Lasso Train RMSE:  77.52916
Lasso Test RMSE:  176.92357


**RMSE Difference = ~99.3**

### 2. Ridge Regression
Ridge or L2 is a Regularization Technique in which the summation of squared values of the coefficients of the regression equation is added as penalty into cost function (or MSE). Ridge Regression is based on the L2 Regularization technique.

In [59]:
#importing Ridge Regression
from sklearn.linear_model import Ridge

In [60]:
#instantiating model class and fitting training data
ridge = Ridge()
ridge.fit(x_train, y_train)

Ridge()

In [61]:
#printing RMSE scores for train and test set
print("Ridge Train RMSE: ", np.round(np.sqrt(metrics.mean_squared_error(y_train, ridge.predict(x_train))), 5))
print("Ridge Test RMSE: ", np.round(np.sqrt(metrics.mean_squared_error(y_test, ridge.predict(x_test))), 5))

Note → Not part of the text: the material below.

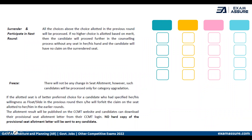In case of surrender and participate in the next round: if you choose this option, whatever seat you were allocated in the first round will be surrendered. In the next round, the entire processing will take place for you again. Your seat allocated in the first round will not be retained.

Ridge Train RMSE:  77.53143
Ridge Test RMSE:  181.04635


**RMSE Difference = ~103.5**

### 3. ElasticNet Regression
ElasticNet Regression is based on both L1 and L2 Regularization techniques. In ElasticNet regression, both L1 and L2 penalties are added to the cost function. 

In [62]:
#importing ElasticNet
from sklearn.linear_model import ElasticNet

In [63]:
#instantiating model class and training data
enet = ElasticNet()
enet.fit(x_train, y_train)

ElasticNet()

In [64]:
#printing RMSE scores for train and test test
print("ElasticNet Train RMSE:", np.round(np.sqrt(metrics.mean_squared_error(y_train, enet.predict(x_train))), 5))
print("ElasticNet Test RMSE:", np.round(np.sqrt(metrics.mean_squared_error(y_test, enet.predict(x_test))), 5))

ElasticNet Train RMSE: 98.2781
ElasticNet Test RMSE: 186.52126


**RMSE Difference = ~88.2**

As discussed earlier, a perfect model often shows almost equal Train and Test Errors.
Thus, based on the RMSE scores of Train and Test Sets of Regression Models built above, **Ridge Regression Model** performed the best as its Train and test RMSE Score does have the **least difference** comparing with other built models.